Filmik obejrzałem, no cóż, popylał.

Jeszcze co do wydajności grafiki - mam pod ręką podręcznik użytkownika Optimusa (1995 r. ale przed Win 95 - opiera się o DOS i WfW 3.11)) i jest tam wykres słupkowy kart graficznych. Bardzo duże rozbieżności pod względem wydajności. Co prawda pod Windows (test Wintach), ale karta Power Weitek 9001 była szybsza od najtańszych paści 512 KB (zapewne jakiś Trident) szacunkowo (podziałka jest co 20 jednostek) jak 3:138. Wielokrotna deklasacja. Stąd zapewne różne od reszty wspomnienia świnki. Mógł mieć w pracy jakiś super wydajny 386, ale z pewnością nie był to ówczesny standard.
[#201] Re: NG vs emulacja, czyli od wyższości bytu nad mytem (ewentualnie mytu nad bytem)

@adam_mierzwa, post #200

Stąd zapewne różne od reszty wspomnienia świnki. Mógł mieć w pracy jakiś super wydajny 386, ale z pewnością nie był to ówczesny standard.

To możliwe.
Najpierw praca, pewna gazeta gdzie Corel 3.0 chodził całkiem nieźle na 386 DX z koprocesorem Weiteka.
Potem AGH gdzie wszyscy mieli sprzęt raczej na wypasie.

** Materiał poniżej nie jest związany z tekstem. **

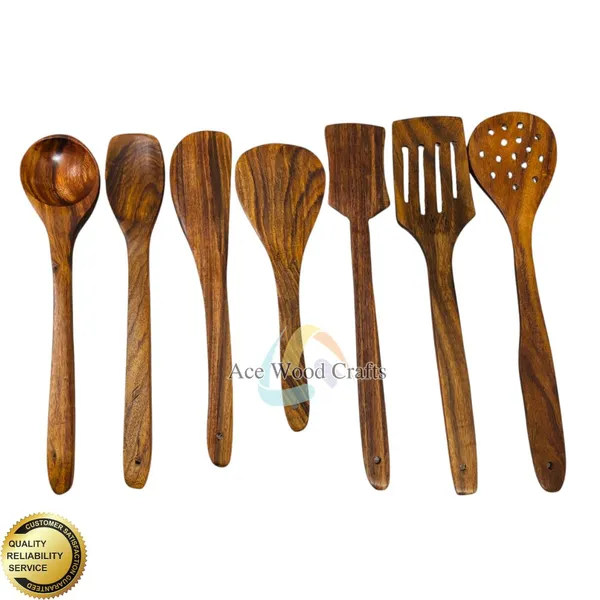 Wooden_Kitchen_Utensil_Set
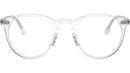 O'Malley OV5183 1755 Crystal Gradient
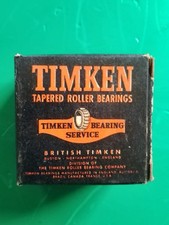 De Havilland Chipmunk wheel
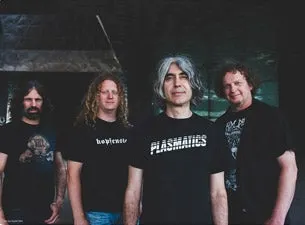 Voivod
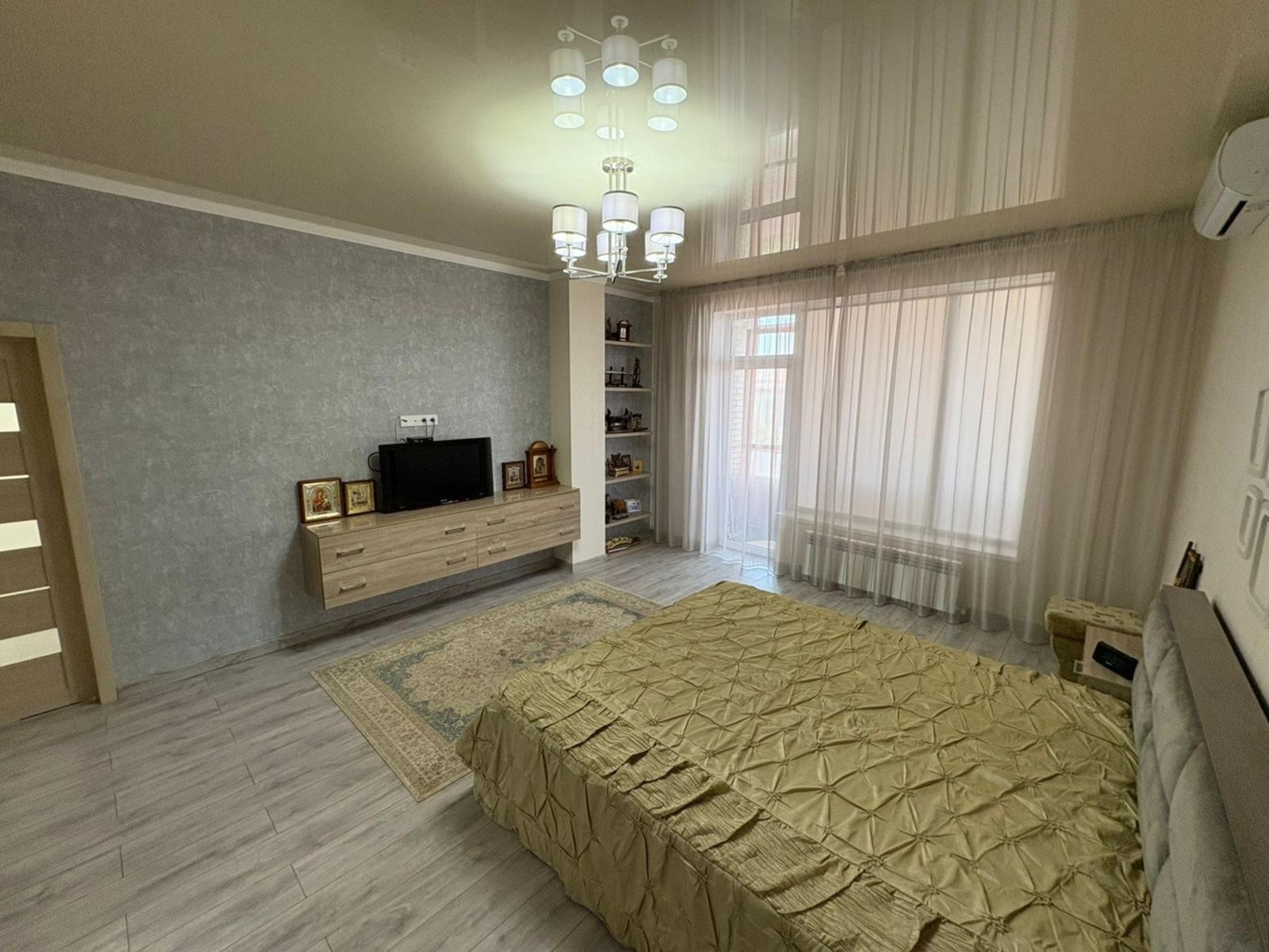 Купить дачу, дом, коттедж за 53 500 000 рублей на Садовая улица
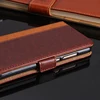 Phone Bags & Cases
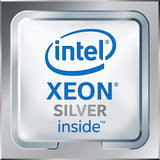 LENOVO DCG ThinkSystem SR550 Intel Xeon Silver 4108 8C 85W 1.8GHz Processor Option Kit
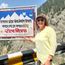 Driving the World: This travel company provides bespoke journeys by car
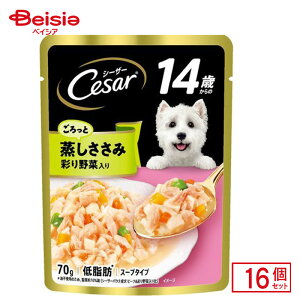 }[XWp~ebh CEP12V[U[14΂̏ݖؓ70g×16 ybg | V[U[ hbOt[h EFbg ʋl  GT a pE` V[U[14 V[U[ V[U[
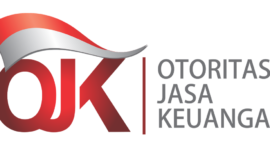 ilustrasi Otoritas Jasa Keuangan (OJK)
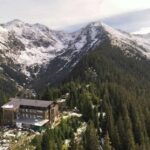 Romania: 3-Day Carpathian Mountains Hiking Tour - The Value of This Experience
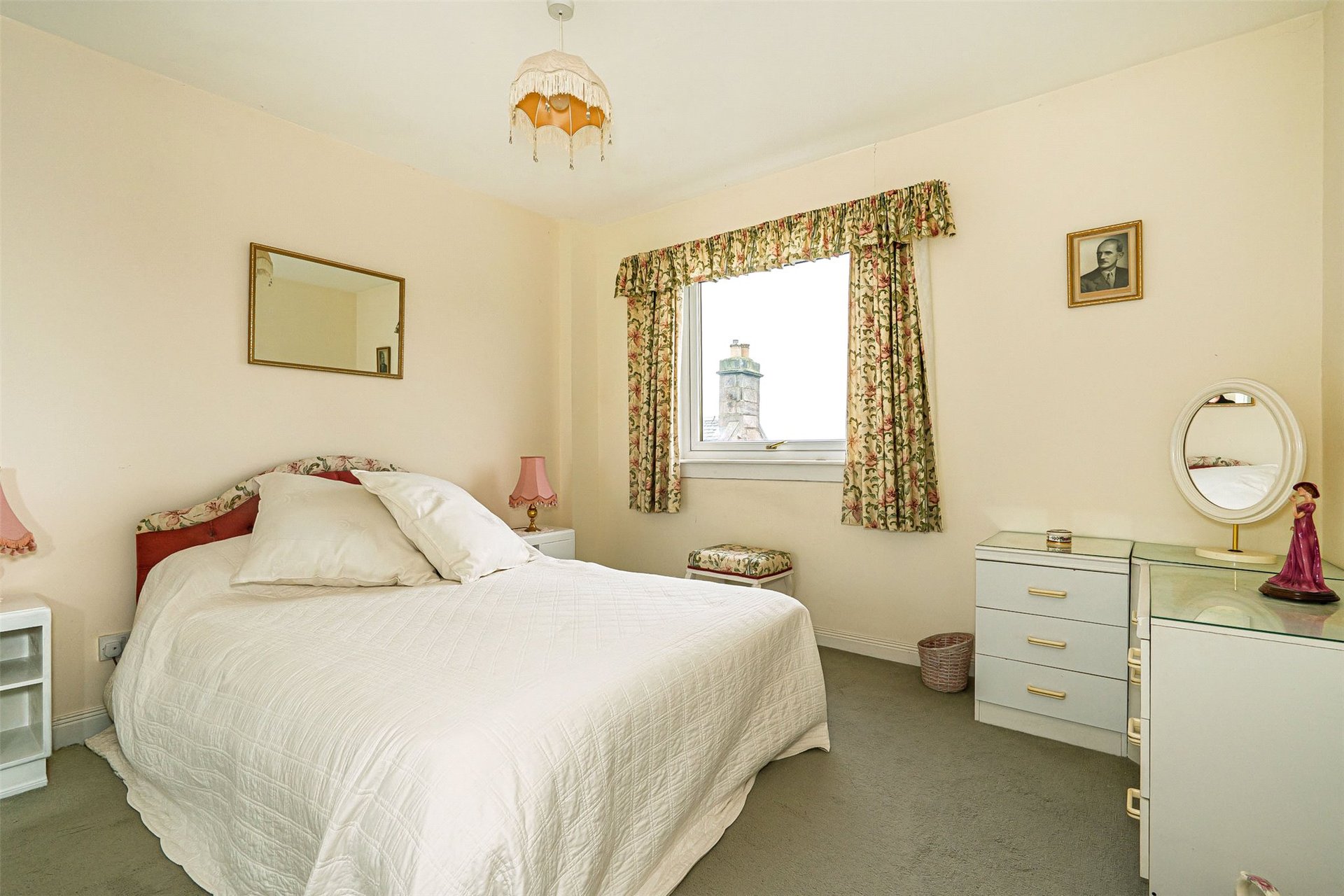 Brandane, 28 Lodge Walk, Elie, Leven, KY9 1DD - Picture #20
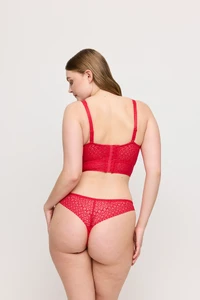 eservices_primadonna-lingerie-soft_brathong-montara-0163386-red0663380-red-333150.webp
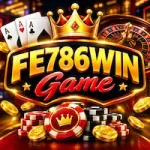 FE786WIN Game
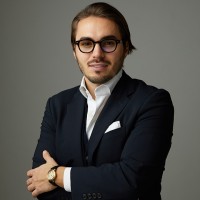 Davide Vincenti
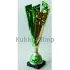 Наградной кубок с надписью K503C в интернет-магазине kubki-olimp.ru и cup-olimp.ru Фото 1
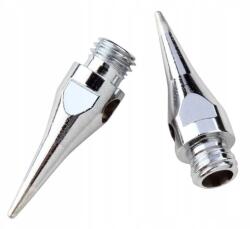 Dremel Versatip Forrasztóhegyek 2DB (26150201JA)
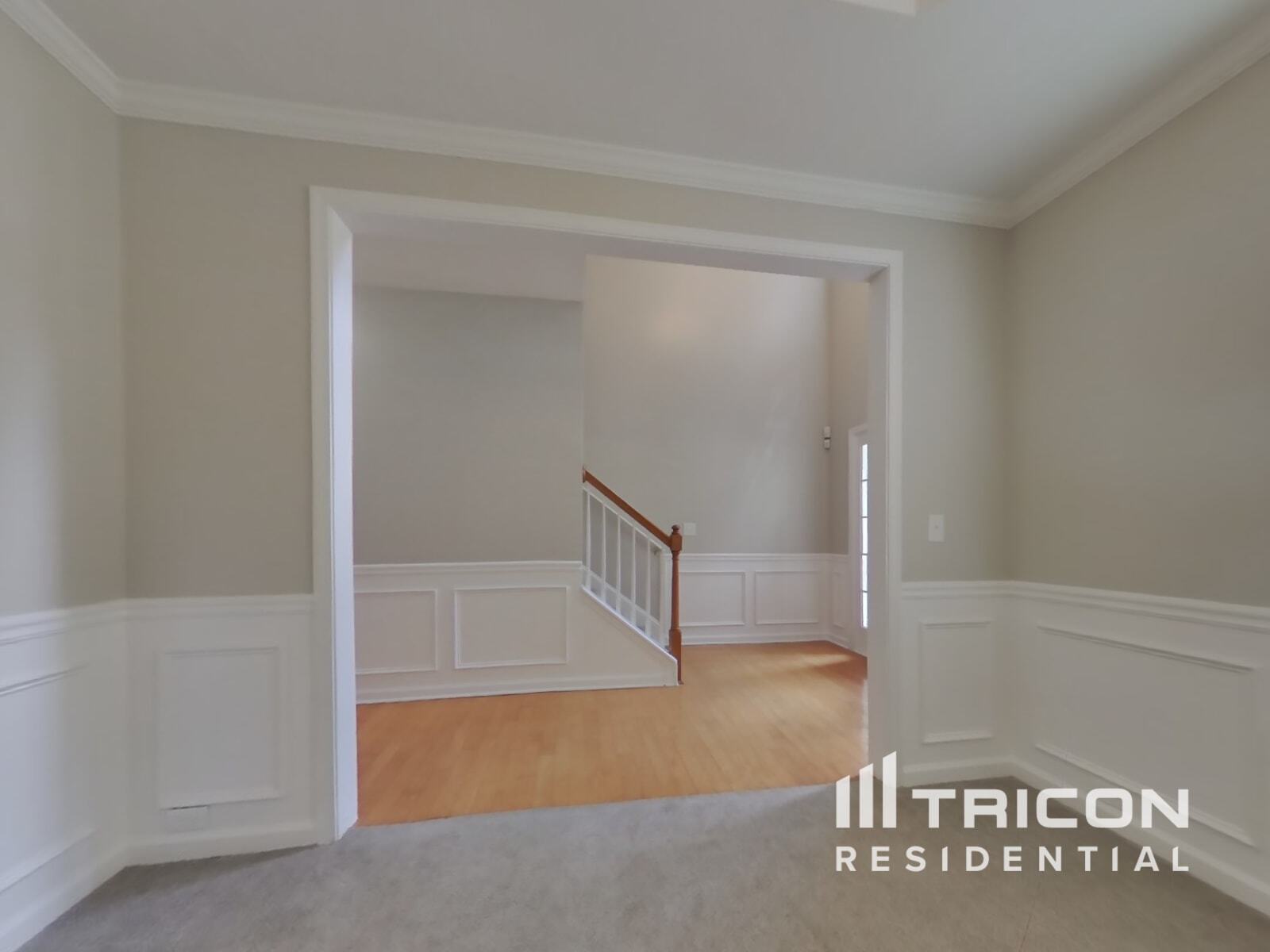 Building Photo - 3124 Delacorte Dr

Ostatnia aktualizacja: 25.11.2018 19:33:57 przez swinkamor12
[#202] Re: NG vs emulacja, czyli od wyższości bytu nad mytem (ewentualnie mytu nad bytem)

@adam_mierzwa, post #200

Doom 1 i 2 to w sumie ten sam silnik. Nawet WADy z Doom 1 da się na exeku z 2-ki uruchomić. Być może tego Doom2 próbowałeś uruchomić w Windowsie, wtedy mogłoby zmulać, szczególnie że ta wersja obsługiwała też wyższą rozdzielczość. Ja nie zauważyłem różnicy pomiędzy wydajnością DOSowego D1 i D2.

486DX2 wyszedł przed Pentiumem, gdzieś w 1992 vs Pentium w 1993. To DX4 (właściwie powinny się nazywać DX3...) wyszedł później i były niejako tańszą alternatywą dla Pentiumów.

Jeśli chodzi o kombinowanie to tylko niektóre gry przysparzały problemy np. Cannon Fodder który zawsze biadolił o braku pamięci "konwencjonalnej" i trzeba było najlepiej bootować ze specjalnej dyskietki która nie ładowała dokładnie nic do pamięci i wtedy działał. Taka to byłą specyfika tamtych czasów. Na Amidze nie powiesz że się nie "kombinowało" Smutny czarny DOS można wspominać miło bo dlaczego nie? Taki był wtedy klimat na PC, nikt z tego powodu nie biadolił a jak chciał poklikać w okienkowym systemie to też mógł bo takowe istniały i cała masa programów na nie też była dostępna.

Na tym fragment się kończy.